RBI Penalty: RBI has imposed a heavy fine on HDFC Bank and NBFC Shriram Finance for ignoring the rules.
RBI Penalty: The Reserve Bank of India has imposed a fine of Rs 4.88 lakh on private sector giant HDFC Bank for violating certain norms related to foreign investment in India while giving loans to its customers. The central bank has also imposed a fine of Rs 2.70 lakh on non-banking finance company (NBFC) Shriram Finance Limited for non-compliance with certain provisions of the ‘Reserve Bank of India (Digital Lending) Directions, 2025’. However, these fines will not have any effect on the account holders of the bank.
The bank violated the rules
Regarding the penalty on HDFC Bank, the RBI said that it had issued a ‘show cause notice’ to the bank, in response to which the bank had given a written reply and also given an oral explanation. RBI said, after considering the facts of the case and the reply given by HDFC Bank Limited, the Reserve Bank of India (RBI) came to the conclusion that the violations have been proved and it is appropriate to impose a penalty.
Why was Shriram Finance fined?
A statutory inspection of Shriram Finance was conducted by RBI with reference to its financial position as on March 31, 2024. Based on the supervisory findings of non-compliance with the instructions of the central bank and the related correspondence in that regard, a notice was issued to the company. The notice asked it to show cause as to why it should not be fined for non-compliance with the said instructions.

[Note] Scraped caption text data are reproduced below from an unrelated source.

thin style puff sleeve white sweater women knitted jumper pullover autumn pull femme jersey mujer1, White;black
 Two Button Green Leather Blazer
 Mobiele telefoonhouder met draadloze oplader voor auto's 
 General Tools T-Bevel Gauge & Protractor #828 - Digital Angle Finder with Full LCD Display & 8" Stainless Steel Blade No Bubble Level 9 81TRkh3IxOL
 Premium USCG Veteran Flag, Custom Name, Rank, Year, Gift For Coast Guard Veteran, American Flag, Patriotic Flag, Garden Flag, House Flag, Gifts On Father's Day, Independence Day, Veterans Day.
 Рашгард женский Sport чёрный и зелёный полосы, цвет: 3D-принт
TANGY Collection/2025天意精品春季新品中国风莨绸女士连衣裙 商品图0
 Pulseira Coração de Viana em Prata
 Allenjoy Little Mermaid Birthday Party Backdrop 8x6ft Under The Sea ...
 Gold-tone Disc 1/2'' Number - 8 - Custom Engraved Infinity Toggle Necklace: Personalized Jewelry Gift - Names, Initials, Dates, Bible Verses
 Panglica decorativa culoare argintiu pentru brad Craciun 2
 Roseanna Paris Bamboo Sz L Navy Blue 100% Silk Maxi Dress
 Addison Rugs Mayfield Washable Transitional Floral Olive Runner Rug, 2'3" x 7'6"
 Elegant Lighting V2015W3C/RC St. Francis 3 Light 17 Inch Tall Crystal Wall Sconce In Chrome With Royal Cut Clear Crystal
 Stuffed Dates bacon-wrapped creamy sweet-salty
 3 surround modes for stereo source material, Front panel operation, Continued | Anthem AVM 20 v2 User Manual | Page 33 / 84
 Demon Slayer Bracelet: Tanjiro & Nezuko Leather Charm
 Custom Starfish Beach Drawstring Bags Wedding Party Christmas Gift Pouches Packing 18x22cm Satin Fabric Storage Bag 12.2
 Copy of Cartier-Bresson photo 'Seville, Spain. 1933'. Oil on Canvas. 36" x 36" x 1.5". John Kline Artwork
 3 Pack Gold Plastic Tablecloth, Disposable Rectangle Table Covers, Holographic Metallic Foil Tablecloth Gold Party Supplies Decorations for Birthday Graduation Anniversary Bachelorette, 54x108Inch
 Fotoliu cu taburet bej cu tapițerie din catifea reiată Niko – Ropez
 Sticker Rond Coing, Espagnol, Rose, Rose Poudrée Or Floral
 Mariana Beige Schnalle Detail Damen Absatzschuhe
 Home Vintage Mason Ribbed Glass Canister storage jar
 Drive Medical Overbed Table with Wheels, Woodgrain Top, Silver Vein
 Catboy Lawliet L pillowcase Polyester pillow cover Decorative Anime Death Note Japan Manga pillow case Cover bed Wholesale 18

After considering the company’s reply to the notice, additional clarifications submitted by it and oral clarifications made during the personal hearing, the RBI said that the following allegations were found to be true against the company, which required imposition of monetary penalty.
RBI said that the company made the loan payment through a third party account, while the loan amount was directly deposited into the company’s account. In both cases, the central bank said the penalties were based on deficiencies in regulatory compliance and were not intended to pronounce upon the validity of any transaction or agreement entered into by the entities with their customers.